Assigned task>
Wherever a line in the data holds the word "https", pull that line out.

(The input begins)

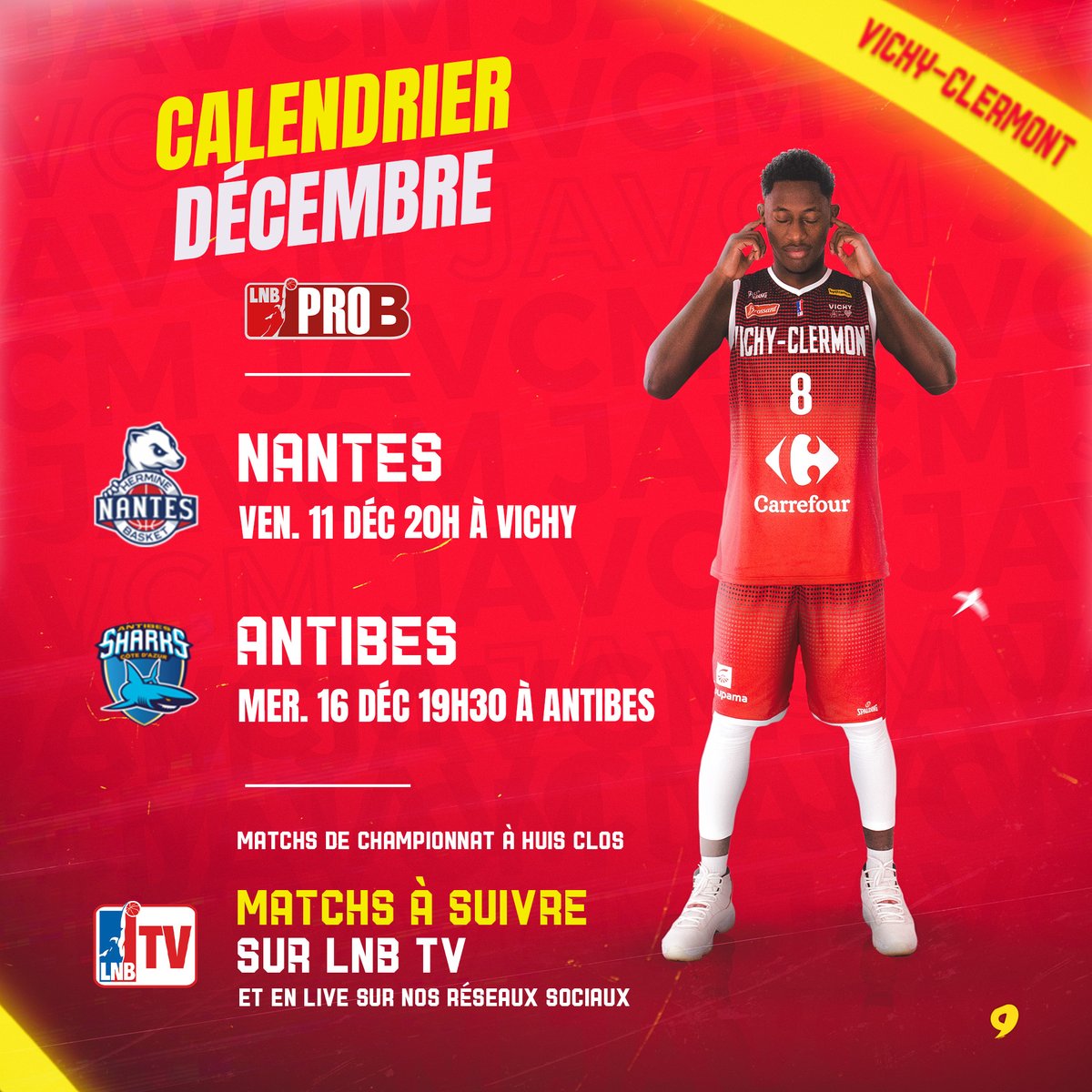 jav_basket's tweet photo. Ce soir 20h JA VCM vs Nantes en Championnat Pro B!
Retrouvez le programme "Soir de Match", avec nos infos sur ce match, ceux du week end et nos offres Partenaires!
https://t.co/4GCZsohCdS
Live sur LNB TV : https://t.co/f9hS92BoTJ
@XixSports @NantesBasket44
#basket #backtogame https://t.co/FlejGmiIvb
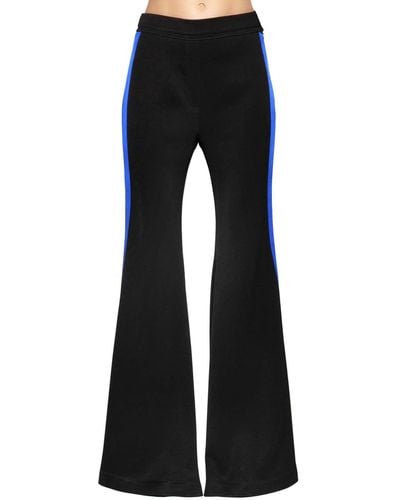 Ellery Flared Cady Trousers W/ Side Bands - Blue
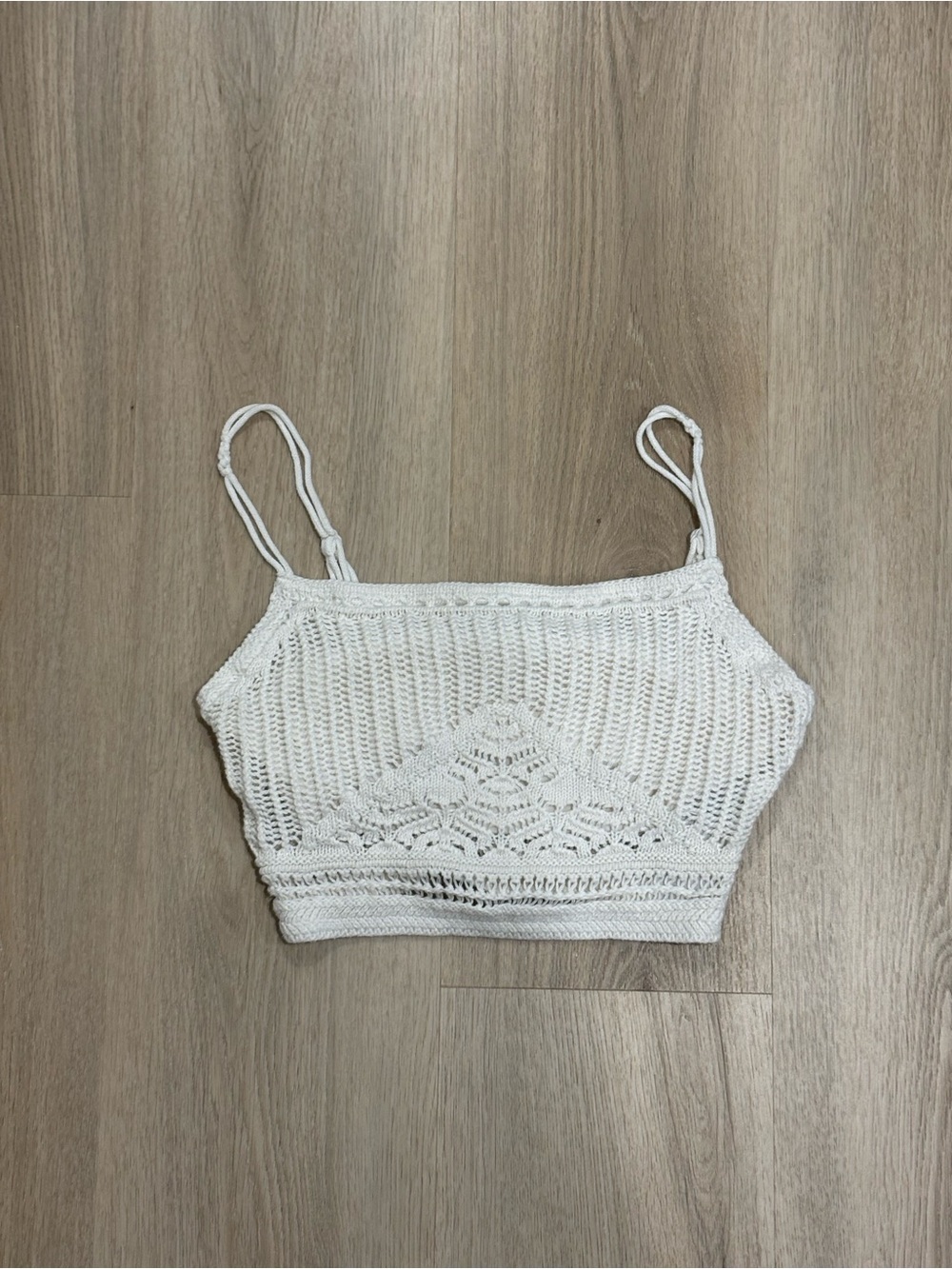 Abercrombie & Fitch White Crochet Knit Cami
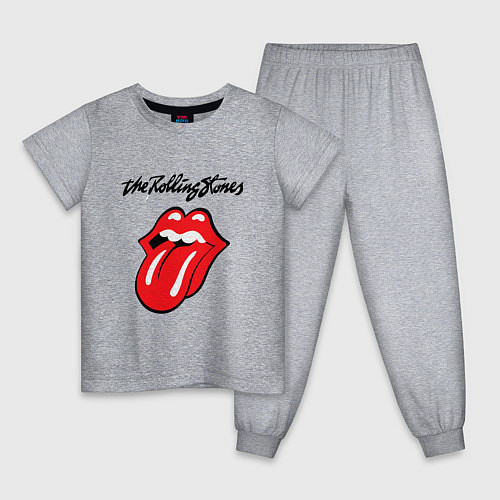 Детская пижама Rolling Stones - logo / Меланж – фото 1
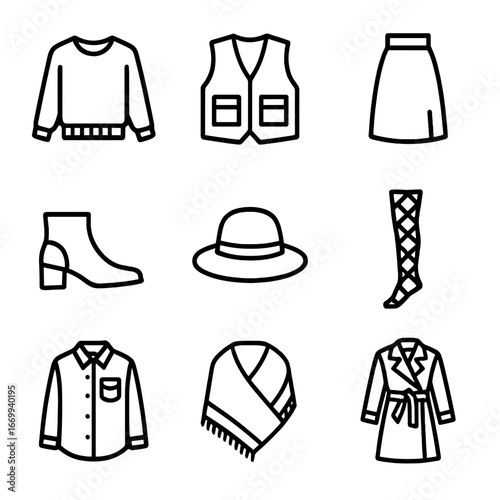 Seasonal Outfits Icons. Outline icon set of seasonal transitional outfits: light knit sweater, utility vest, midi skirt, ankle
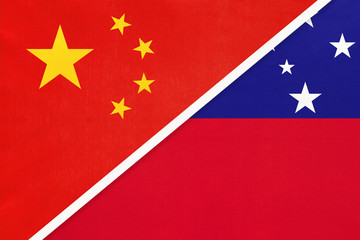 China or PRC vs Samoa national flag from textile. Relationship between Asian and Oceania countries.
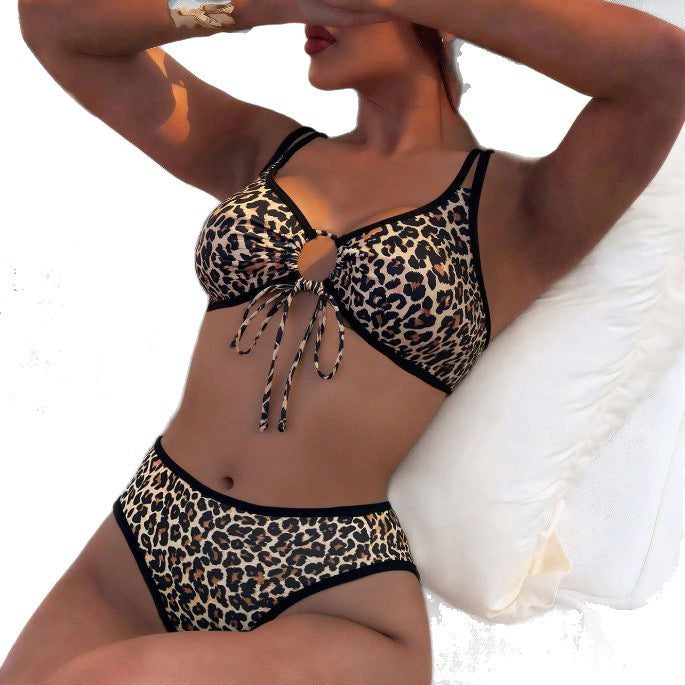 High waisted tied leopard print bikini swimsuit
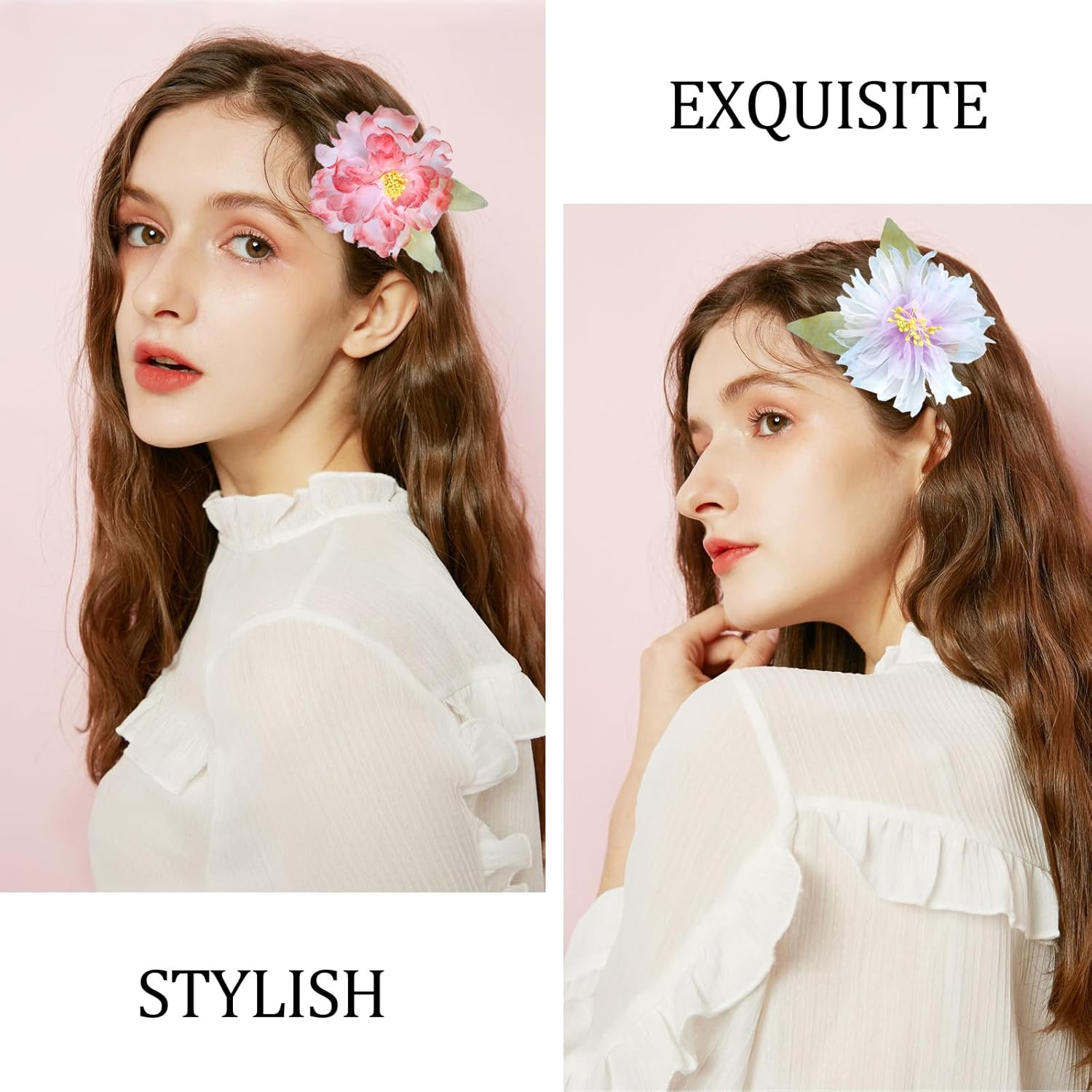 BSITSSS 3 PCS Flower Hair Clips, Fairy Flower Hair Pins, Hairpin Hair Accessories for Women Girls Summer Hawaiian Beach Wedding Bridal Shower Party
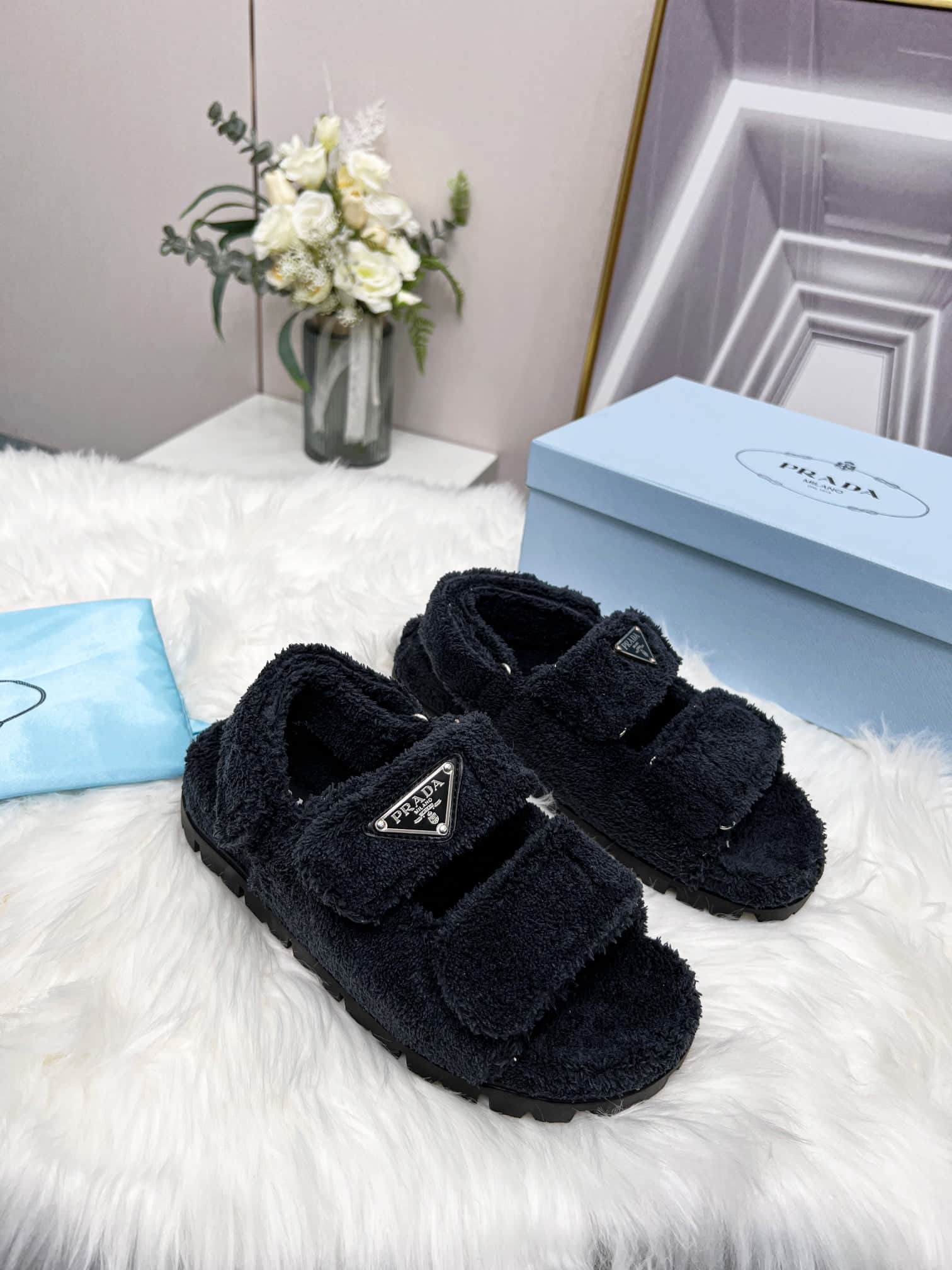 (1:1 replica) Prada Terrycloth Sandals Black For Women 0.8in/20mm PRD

(The input ends)

Solution>
https://t.co/4GCZsohCdS
Live sur LNB TV : https://t.co/f9hS92BoTJ
#basket #backtogame https://t.co/FlejGmiIvb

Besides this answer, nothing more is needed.